# WHAT IS REQUIRED
What is needed is a word-for-word copy of the lines below from the one with "Used 2019 Toyota Camry LE FWD image 4" through the one with "2014 Chevrolet Spark", both included, with every picture left out.

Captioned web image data
********************
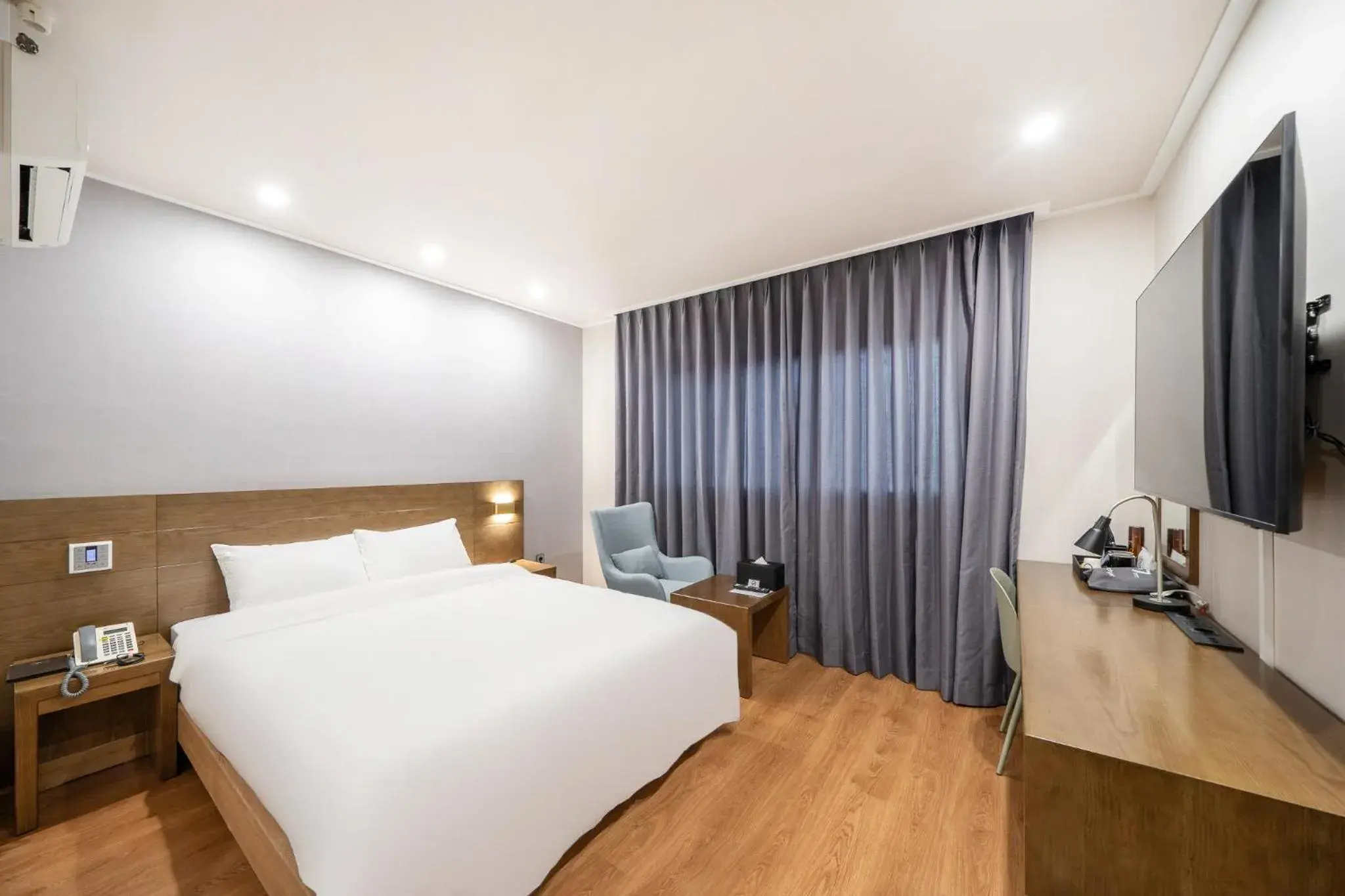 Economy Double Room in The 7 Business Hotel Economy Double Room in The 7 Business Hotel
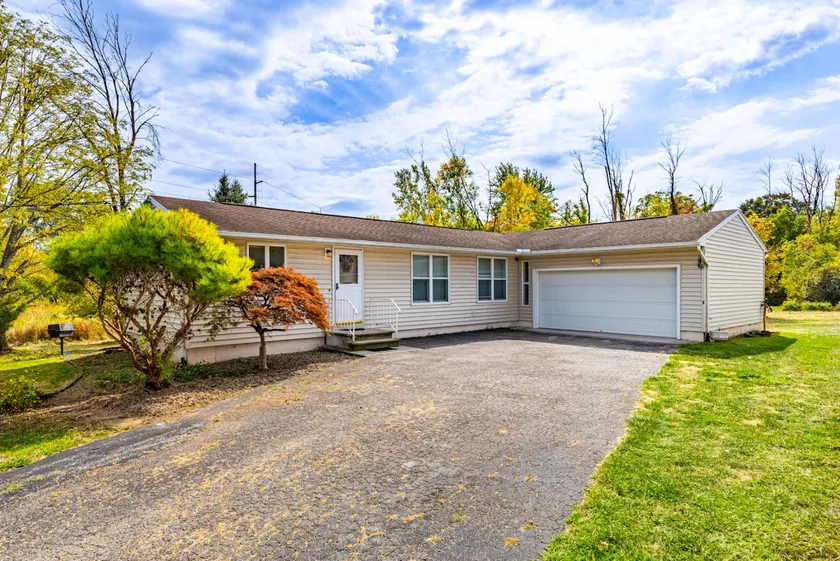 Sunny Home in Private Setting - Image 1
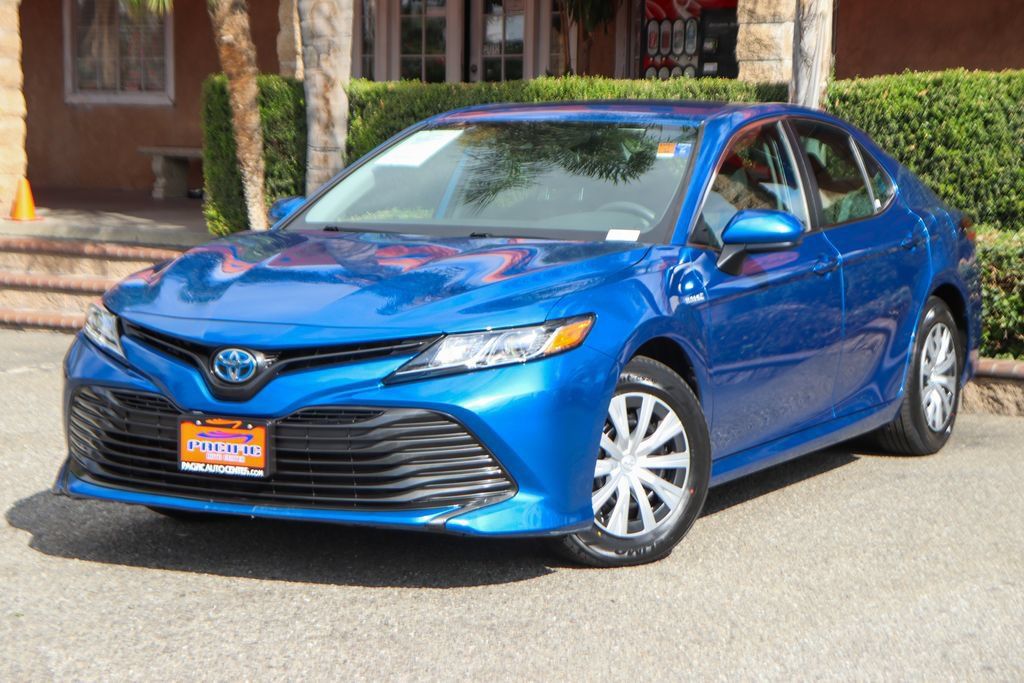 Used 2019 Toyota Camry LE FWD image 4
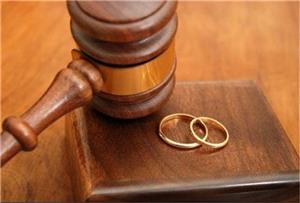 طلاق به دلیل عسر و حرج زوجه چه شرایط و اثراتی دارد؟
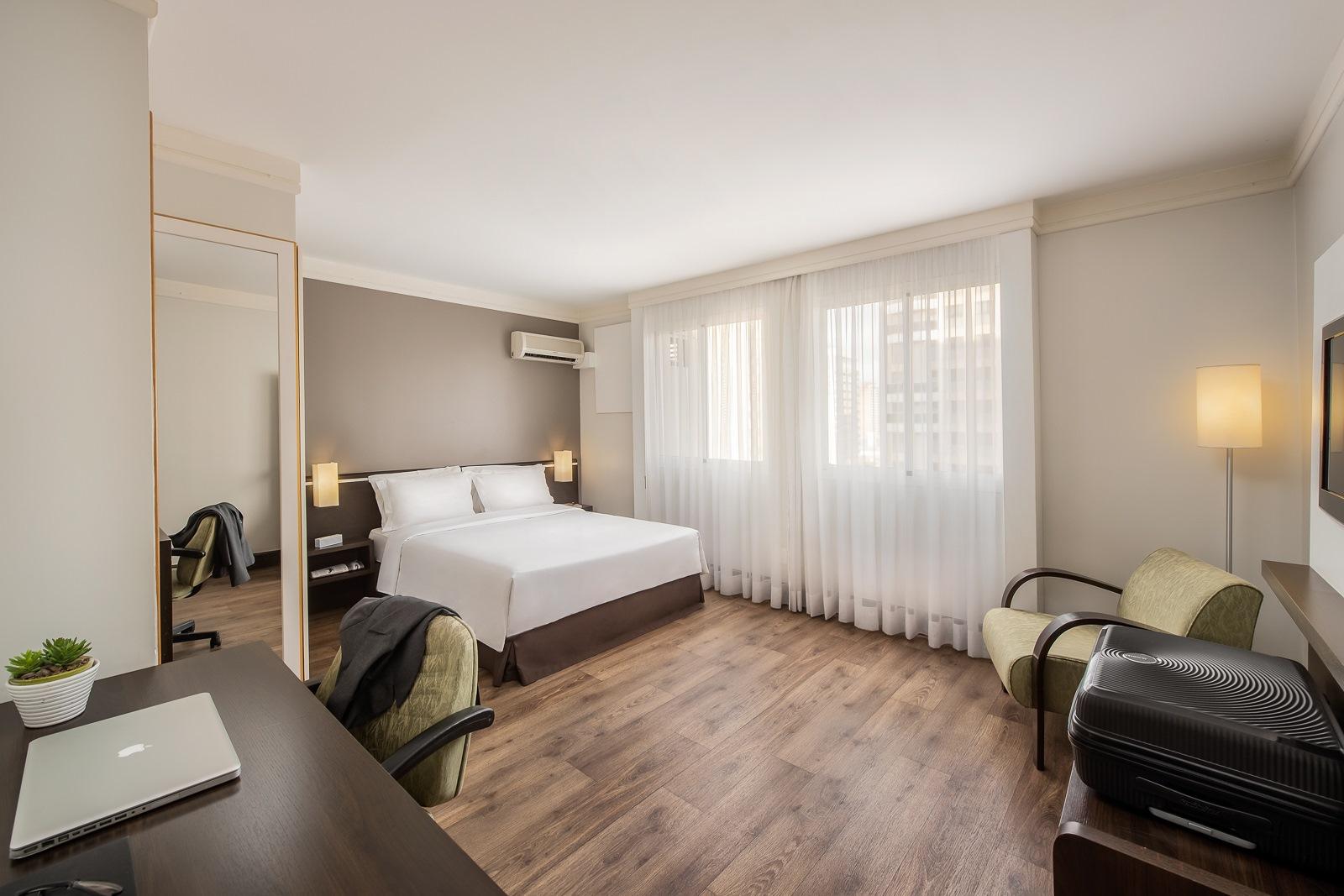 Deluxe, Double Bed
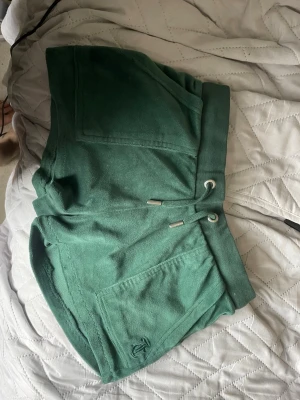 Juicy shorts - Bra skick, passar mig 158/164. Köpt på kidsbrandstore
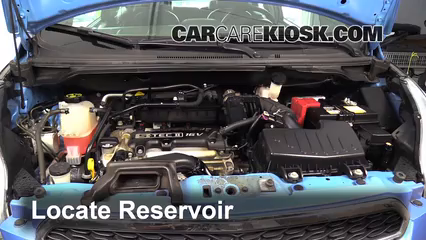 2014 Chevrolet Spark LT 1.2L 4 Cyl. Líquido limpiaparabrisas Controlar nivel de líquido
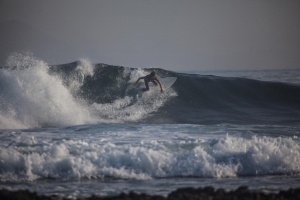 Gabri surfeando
********************
# SOLUTION TO THE PROBLEM
 Used 2019 Toyota Camry LE FWD image 4
 طلاق به دلیل عسر و حرج زوجه چه شرایط و اثراتی دارد؟
 Deluxe, Double Bed
 Juicy shorts - Bra skick, passar mig 158/164. Köpt på kidsbrandstore
 2014 Chevrolet Spark LT 1.2L 4 Cyl. Líquido limpiaparabrisas Controlar nivel de líquido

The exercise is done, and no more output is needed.